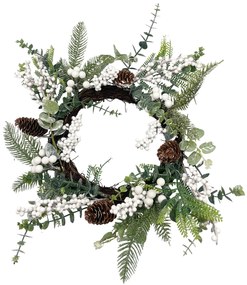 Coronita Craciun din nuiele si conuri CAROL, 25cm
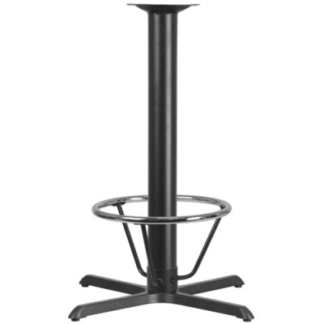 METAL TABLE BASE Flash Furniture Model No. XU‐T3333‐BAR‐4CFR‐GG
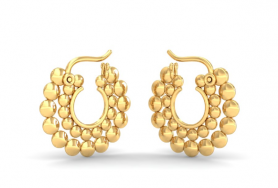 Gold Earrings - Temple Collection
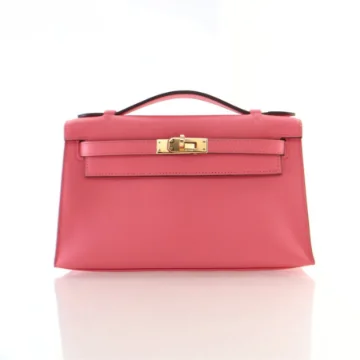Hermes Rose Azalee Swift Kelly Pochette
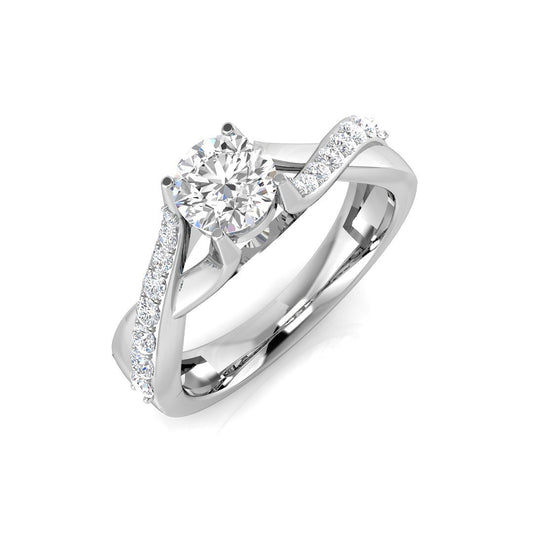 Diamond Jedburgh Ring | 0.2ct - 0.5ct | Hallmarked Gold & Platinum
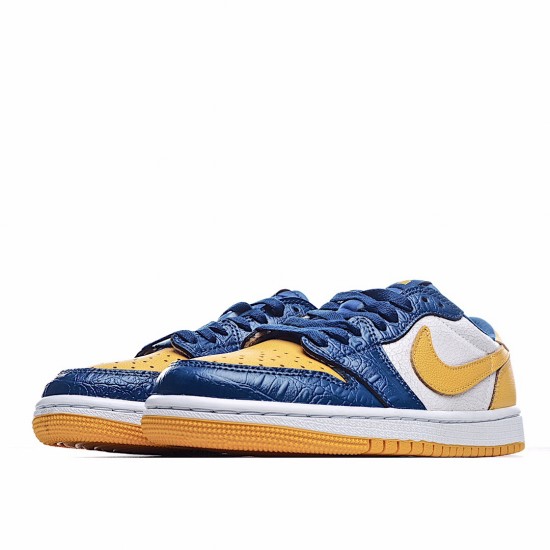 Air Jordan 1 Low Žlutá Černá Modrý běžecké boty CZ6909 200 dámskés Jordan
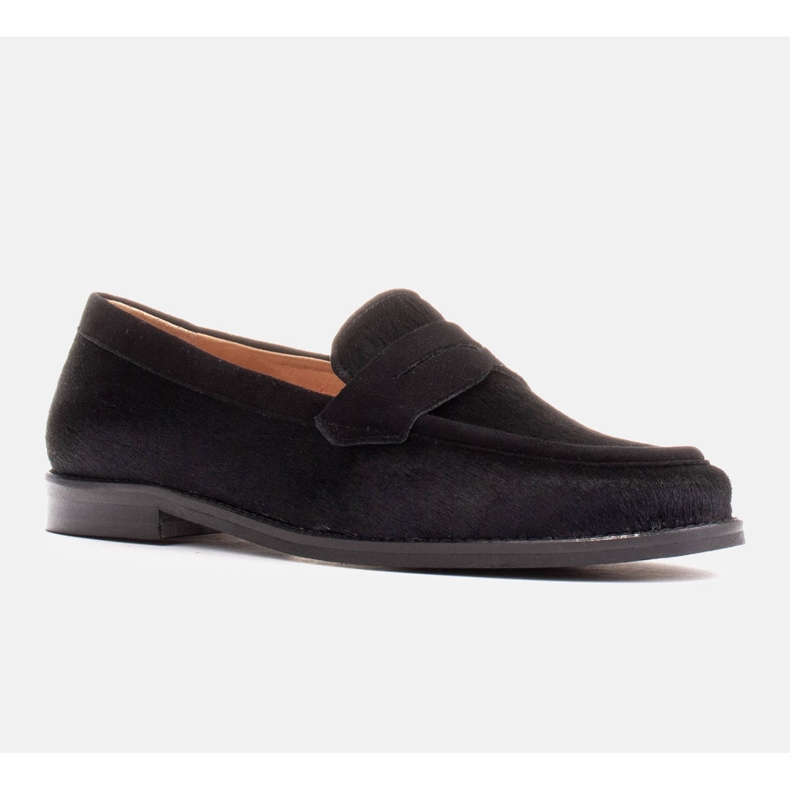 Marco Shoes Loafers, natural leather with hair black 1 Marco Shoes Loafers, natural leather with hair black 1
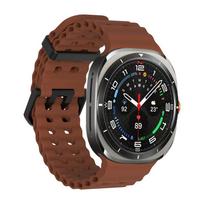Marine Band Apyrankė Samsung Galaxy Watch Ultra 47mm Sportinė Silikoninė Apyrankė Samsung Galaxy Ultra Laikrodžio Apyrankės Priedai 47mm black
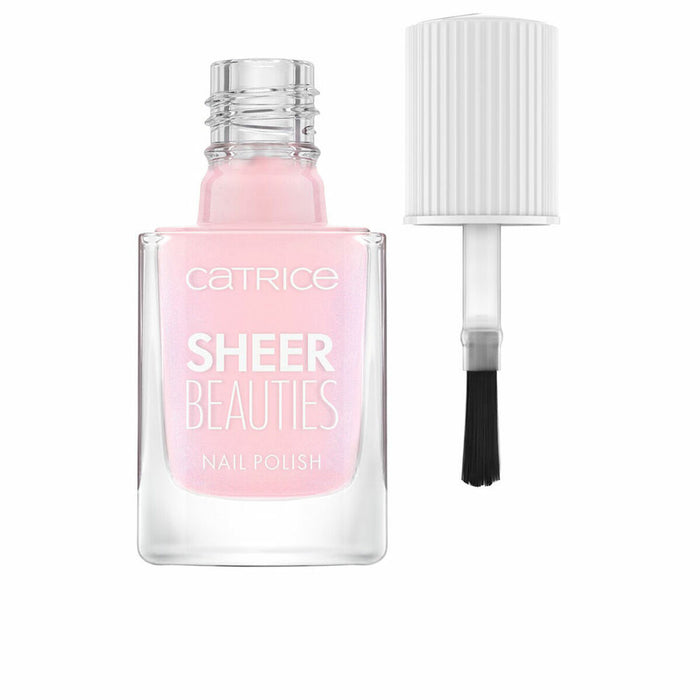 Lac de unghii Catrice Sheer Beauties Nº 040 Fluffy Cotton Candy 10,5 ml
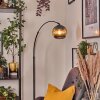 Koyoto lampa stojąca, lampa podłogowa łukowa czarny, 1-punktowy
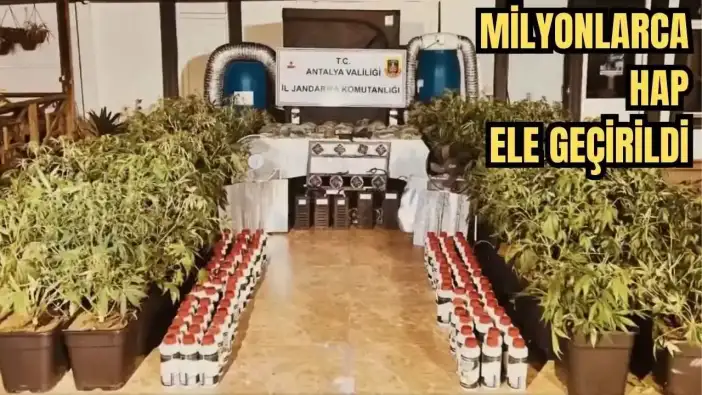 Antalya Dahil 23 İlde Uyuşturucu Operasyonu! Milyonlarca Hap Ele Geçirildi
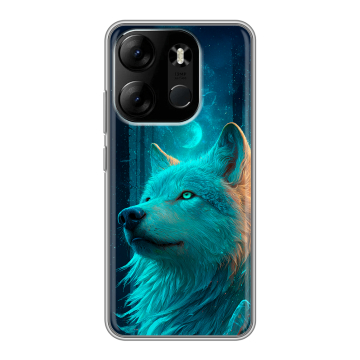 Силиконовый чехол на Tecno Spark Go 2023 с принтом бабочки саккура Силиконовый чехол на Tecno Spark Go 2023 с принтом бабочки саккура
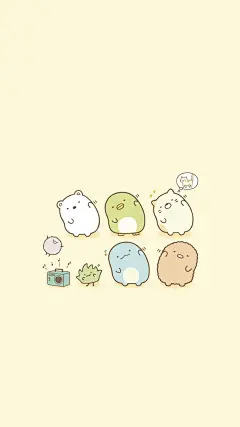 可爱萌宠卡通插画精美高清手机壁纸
==
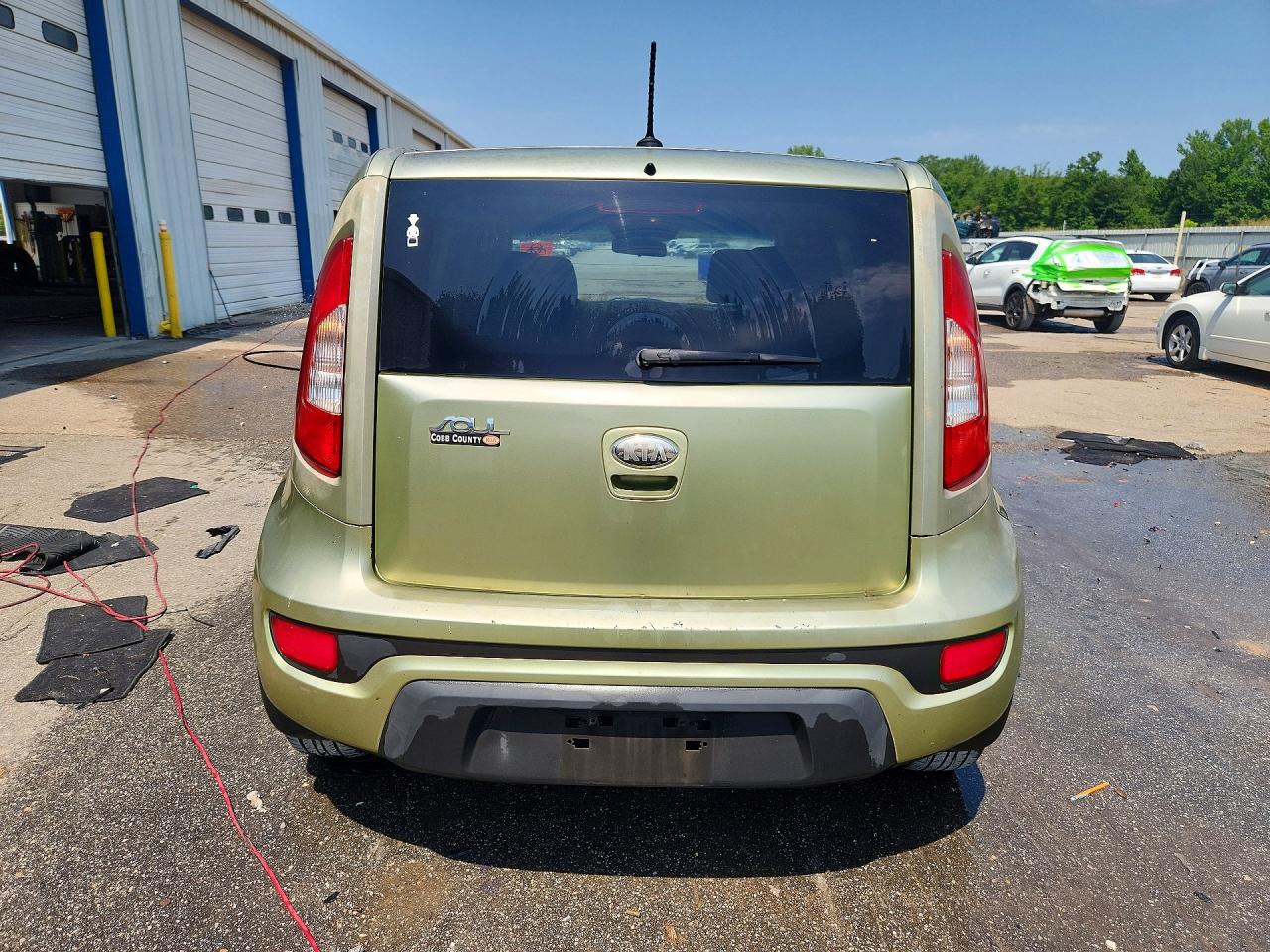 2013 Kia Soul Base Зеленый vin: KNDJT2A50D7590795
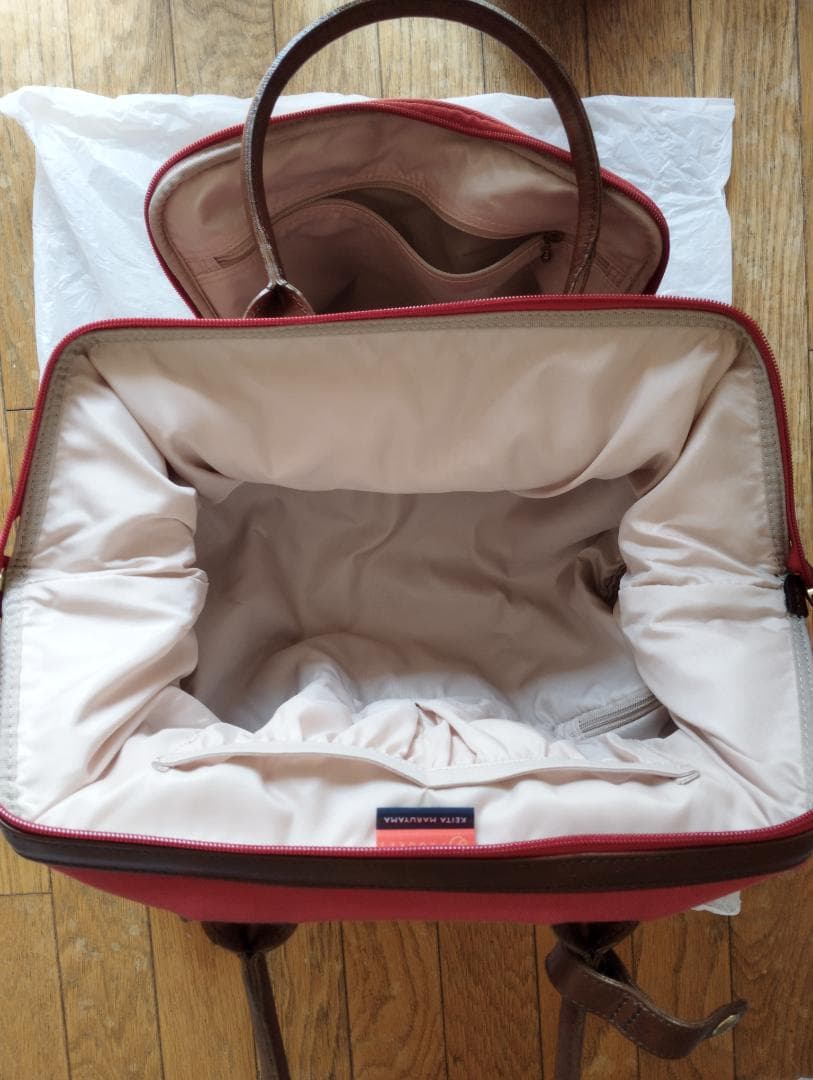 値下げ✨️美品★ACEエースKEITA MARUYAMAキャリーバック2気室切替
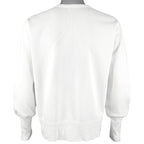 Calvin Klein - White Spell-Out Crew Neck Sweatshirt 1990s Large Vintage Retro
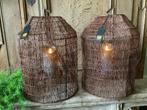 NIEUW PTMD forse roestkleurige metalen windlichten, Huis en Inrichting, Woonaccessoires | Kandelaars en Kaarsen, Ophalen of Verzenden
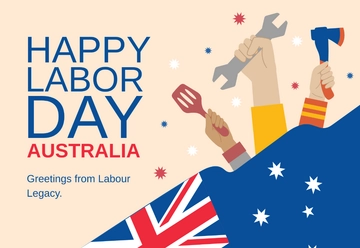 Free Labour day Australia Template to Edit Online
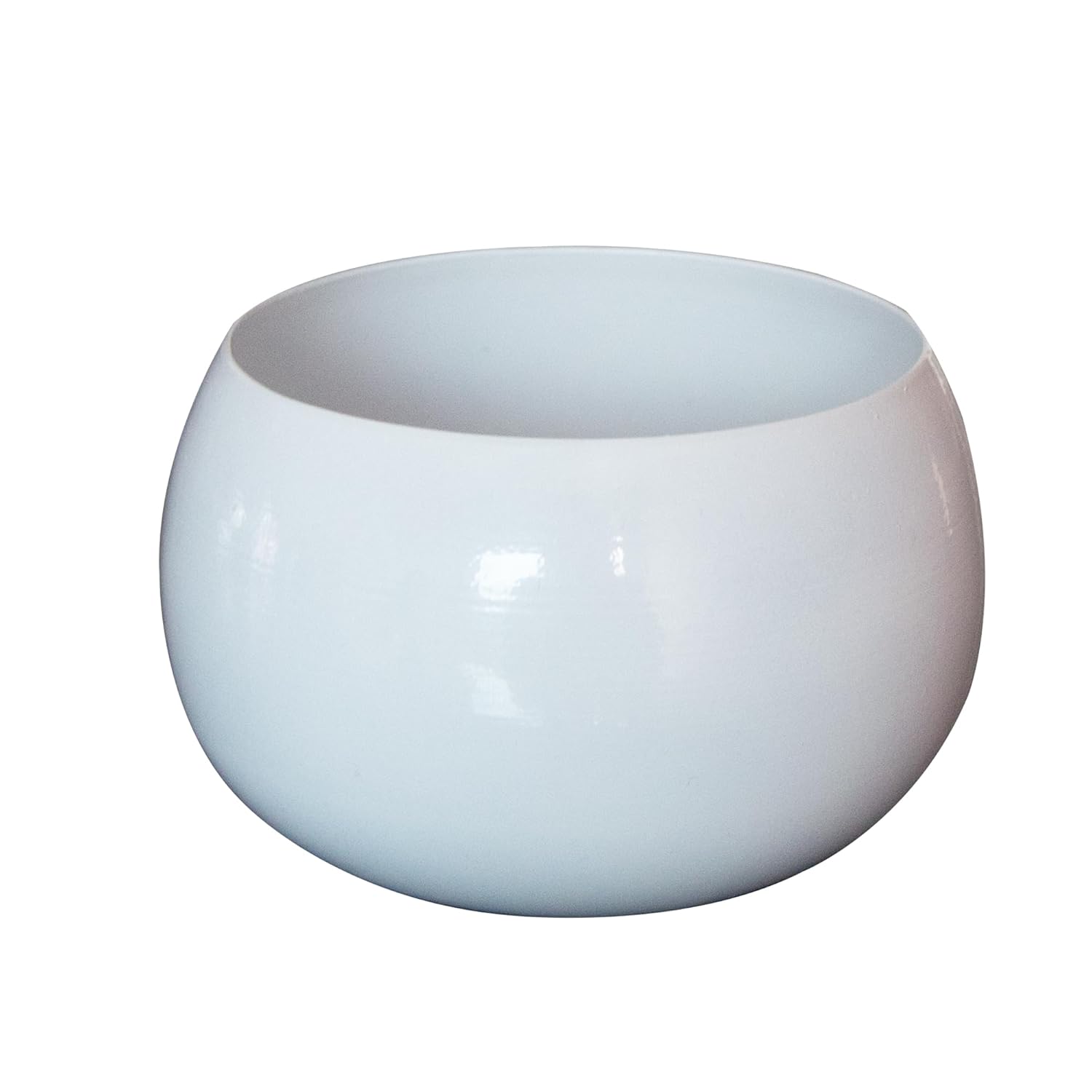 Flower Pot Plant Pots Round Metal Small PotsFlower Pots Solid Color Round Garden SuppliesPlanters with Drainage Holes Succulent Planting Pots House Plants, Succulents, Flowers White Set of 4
---
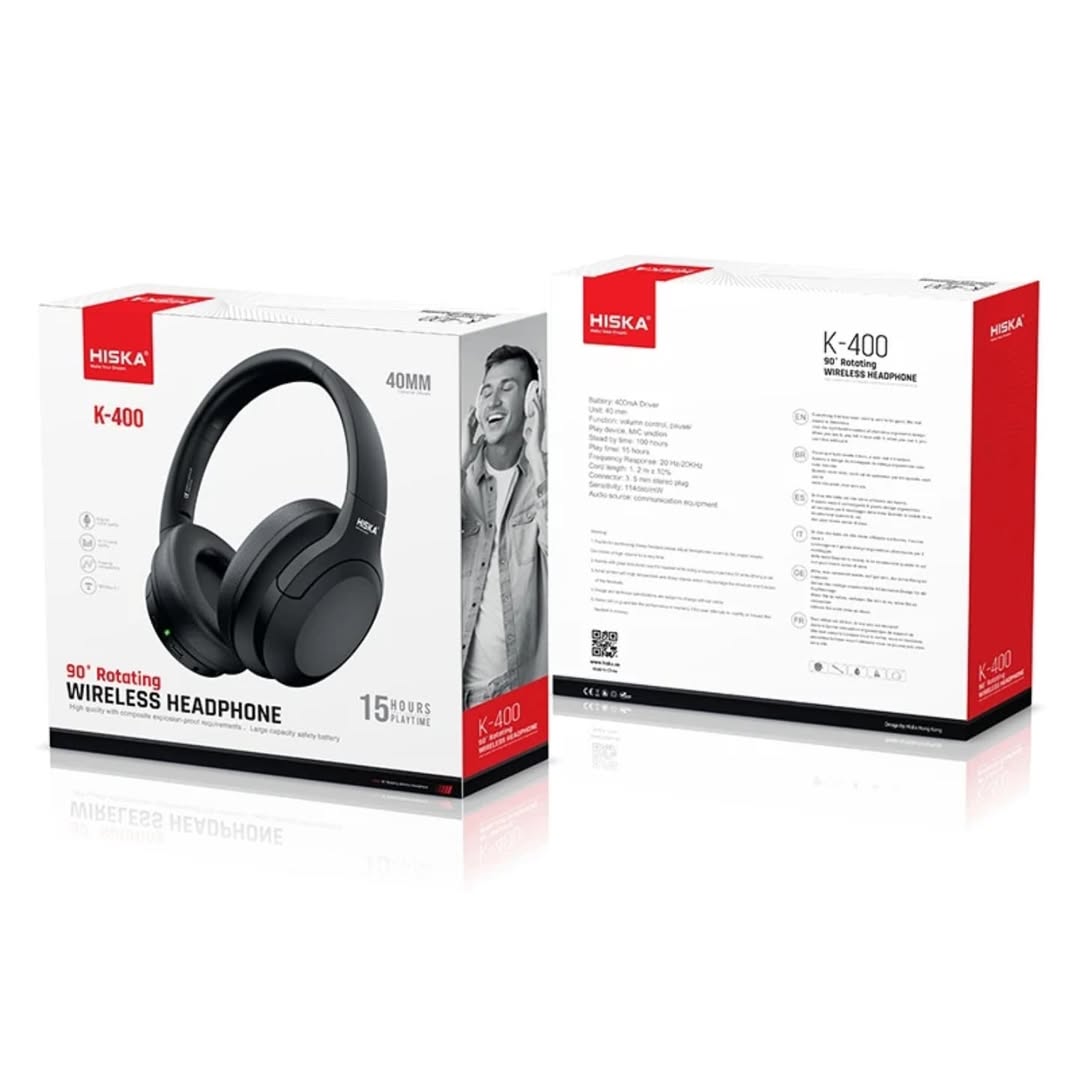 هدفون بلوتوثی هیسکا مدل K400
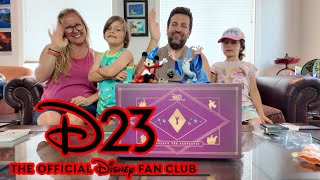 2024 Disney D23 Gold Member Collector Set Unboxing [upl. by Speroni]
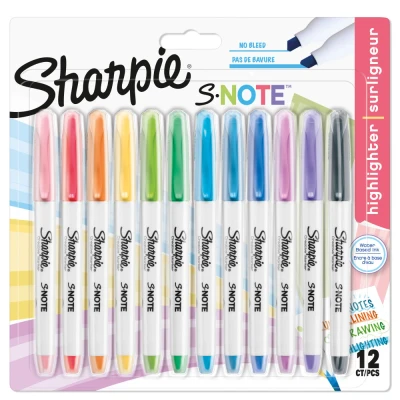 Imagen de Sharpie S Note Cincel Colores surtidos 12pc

• [Task statement]
Print, exactly and with no pictures, the lines of the listing above starting at the one that has "Coronita Craciun din" and ending at the one that has "可爱萌宠卡通插画精美高清手机壁纸", both included.

• [Written solution]
 Coronita Craciun din nuiele si conuri CAROL, 25cm
 METAL TABLE BASE Flash Furniture Model No. XU‐T3333‐BAR‐4CFR‐GG
 Gold Earrings - Temple Collection
Hermes Rose Azalee Swift Kelly Pochette
 Diamond Jedburgh Ring | 0.2ct - 0.5ct | Hallmarked Gold & Platinum
 Air Jordan 1 Low Žlutá Černá Modrý běžecké boty CZ6909 200 dámskés Jordan
 Marco Shoes Loafers, natural leather with hair black 1 Marco Shoes Loafers, natural leather with hair black 1
Marine Band Apyrankė Samsung Galaxy Watch Ultra 47mm Sportinė Silikoninė Apyrankė Samsung Galaxy Ultra Laikrodžio Apyrankės Priedai 47mm black
 Lac de unghii Catrice Sheer Beauties Nº 040 Fluffy Cotton Candy 10,5 ml
 Koyoto lampa stojąca, lampa podłogowa łukowa czarny, 1-punktowy
 Antalya Dahil 23 İlde Uyuşturucu Operasyonu! Milyonlarca Hap Ele Geçirildi
 Силиконовый чехол на Tecno Spark Go 2023 с принтом бабочки саккура Силиконовый чехол на Tecno Spark Go 2023 с принтом бабочки саккура
 可爱萌宠卡通插画精美高清手机壁纸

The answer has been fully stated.